- Born: June 28, 1989 (age 36) Martinsburg, West Virginia, United States
- Height: 6 ft 4 in (1.93 m)
- Weight: 266 lb (121 kg; 19 st 0 lb)
- Division: Heavyweight
- Reach: 79 in (201 cm)
- Team: Scorpion Fighting System
- Years active: 2014–2026

Mixed martial arts record
- Total: 25
- Wins: 16
- By knockout: 12
- By submission: 2
- By decision: 2
- Losses: 9
- By knockout: 4
- By submission: 2
- By decision: 3

Other information
- Mixed martial arts record from Sherdog

= Josh Parisian =

American mixed martial arts fighter

Josh Parisian (born June 28, 1989) is an American former mixed martial artist who previously competed in the heavyweight division of the Ultimate Fighting Championship and Oktagon MMA.

==Background==
Parisian grew up in Escanaba, Michigan after moving from Martinsburg, West Virginia before the second grade. Because of an abusive stepfather – who eventually got jail time for domestic violence – he and his mother stayed a lot in shelters. He graduated from Escanaba Senior High School before attending Bay College for two years. In college, Parisian listened to his classmate's public speaking class speech on UFC and got interested in the sport. He tried it out and felt it improve his self-esteem and confidence, leading to dropping out of college in pursuit of a career in mixed martial arts.

==Mixed martial arts career==

===Dana White's Contender Series===
Racking up a record of 7–2 in the United States regional circuit before being invited to the Dana White's Contender Series. He faced Greg Rebello at Dana White's Contender Series 30 on June 26, 2018. Despite scoring a first-round knockout win, Parisian was not offered a UFC contract directly, but a spot in The Ultimate Fighter: Heavy Hitters.

===The Ultimate Fighter: Heavy Hitters===
In the fifth episode of the season, Parisian faced Michel Batista in a quarter-final bout. He lost the fight via second-round technical knockout and was eliminated from the tournament.

===Return to Contender Series===
After The Ultimate Fighter, Parisian returned to the regional circuit where he lost the first bout then went on a five-bout winning streak and earned another shot in Dana White's Contender Series. He faced Chad Johnson at Season 4 Week 3 on August 18, 2020. He scored a first-round knockout victory once again and was awarded a UFC contract.

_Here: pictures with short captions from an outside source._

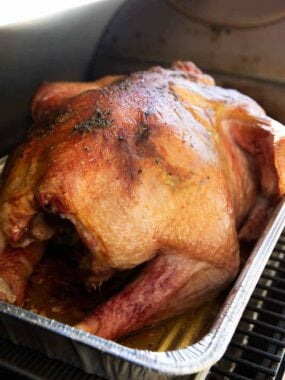 Smoked turkey in a metal pan.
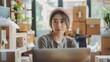 © buraratn - Young woman small business owner working at home office. Online marketing packaging delivery, startup SME entrepreneur or freelance woman concept. Small business owener
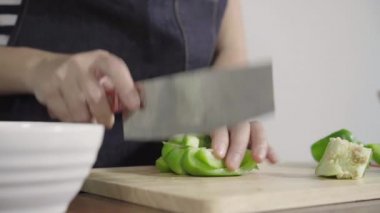 Salata sağlıklı yemek yapma ve dolmalık biber kesme tahtası üzerinde doğrama Şef kadının yakın çekim.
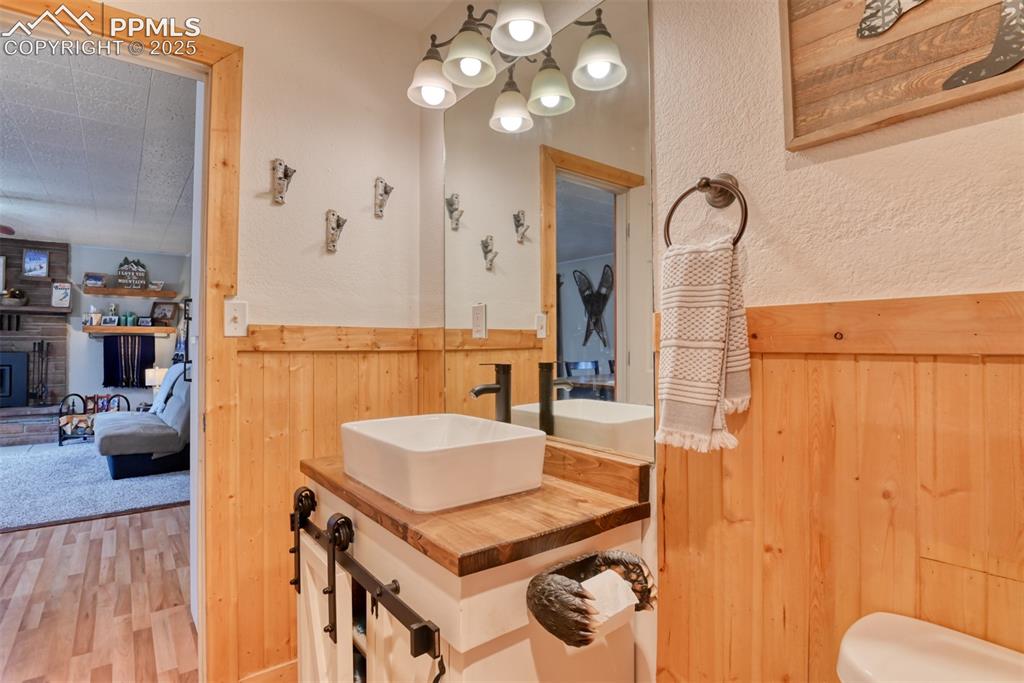 Image 29 of 43: Bathroom featuring wood walls, wood finished floors, vanity, a chandelier,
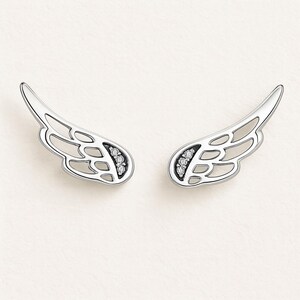 May include: A pair of silver-toned wing-shaped earrings. Each earring features an openwork design with a curved shape and small, sparkling stones set near the base. The earrings are displayed against a soft, off-white background.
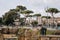 View of an old architecture ruins. Old town, Rome. Tourists walking.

===Ultimate Fighting Championship===
Parisian made his UFC debut against Parker Porter on November 28, 2020, at UFC on ESPN: Smith vs. Clark. He lost the bout by unanimous decision.

In his sophomore appearance in the promotion, Parisian faced Roque Martinez at UFC on ESPN: The Korean Zombie vs. Ige on June 19, 2021. He won the bout via controversial split decision. 12 out of 14 media scores gave the victory to Martinez.

Parisian faced Don'Tale Mayes on December 18, 2021, at UFC Fight Night: Lewis vs. Daukaus. He lost the bout via TKO due to elbows from crucifix position in the third round.

Parisian faced Alan Baudot on June 25, 2022, at UFC on ESPN 38. After being dropped in the first round, Parisian rebounded to win the fight via technical knockout in the second round. This win earned him his first Performance of the Night bonus award.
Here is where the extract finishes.